RES Targets by compliance year


For each obligated entity and in each compliance year, and for the purposes of meeting the RES, the amount of retail electricity sales derived from eligible renewable resources initially placed into commercial operation before December 31, 1997, may not exceed 2% of total retail electricity sales. Compliance with the RES may also be achieved through the purchase of New England Power Pool Generation Information System (NEPOOL-GIS) certificates or by making an alternative compliance payment of $64.02 per megawatt-hour (2012) to the state's Renewable Energy Development Fund. Voluntary green-power purchases may not be counted toward RES compliance. Annual compliance reports are available on the PUC web site shown above.

Long-term contracts:

A separate and distinct standard established in June 2009 ("Long-Term Contracting Standard for Renewable Energy") requires electric distribution companies to solicit proposals and enter into long-term contracts for capacity, energy and attributes from new renewable energy facilities. Electric distribution companies will be required to enter into long-term contracts for 90 MW in capacity by 2014, of which 3 MW must come from in-state solar facilities.

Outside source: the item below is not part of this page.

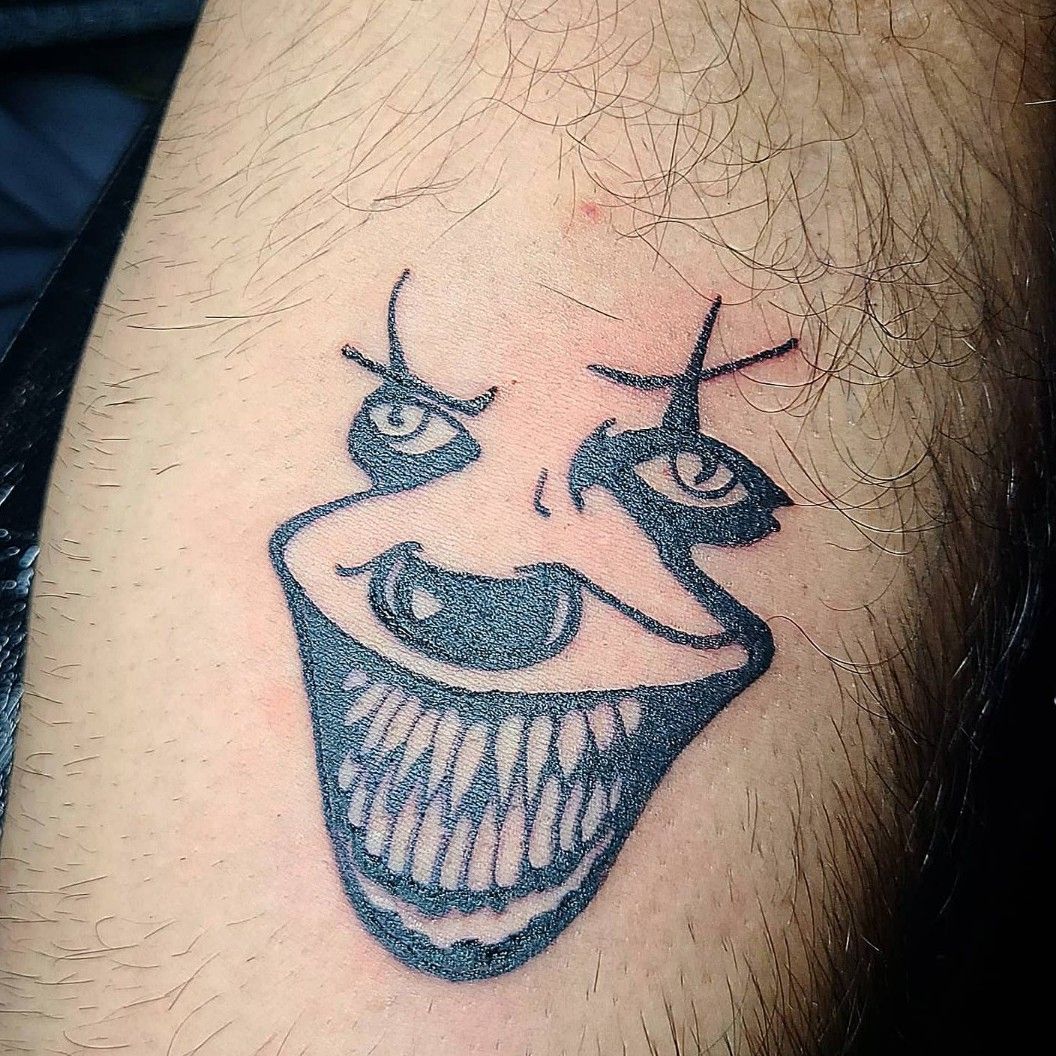 Carlos Luna Tattoos  Small Pennywise portrait from yesterdays Friday the  13th special  I love doing horror theme tattoos   Facebook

Distribution companies will be required to meet the following annual benchmarks, provided acceptable, commercially reasonable proposals have been received:

  • 22.5 MW contracted by 12/30/2010 (25% of the total required amount)
  • 45 MW contracted by 12/30/2011 (50% of the total required amount)
  • 67.5 MW contracted by 12/30/2012 (75% of the total required amount), and
  • 90 MW contracted by 12/30/2013 (100% of the requirement).

Beginning of 2014, the electric distribution companies (EDCs) shall conduct solicitations until 100% of the minimum long term contract capacity is met, however if the contract price is above the forecasted market price of the renewable energy certificates and energy over the term of the contract then the EDCs may choose to acquire environmental attributes and energy instead of capacity contract.

Each long-term contract must be reviewed and approved by the PUC. All energy and capacity purchased must be sold immediately by the distribution company into the wholesale spot market. Or, with PUC approval, the distribution company may re-sell the energy and capacity to customers. The NEPOOL-GIS certificates purchased under the long-term contract must be sold through a competitive bid process, or with PUC approval, may be used to meet the distribution company's RES obligations.

* RES increases in 2011 and subsequent years are subject to the PUC's findings.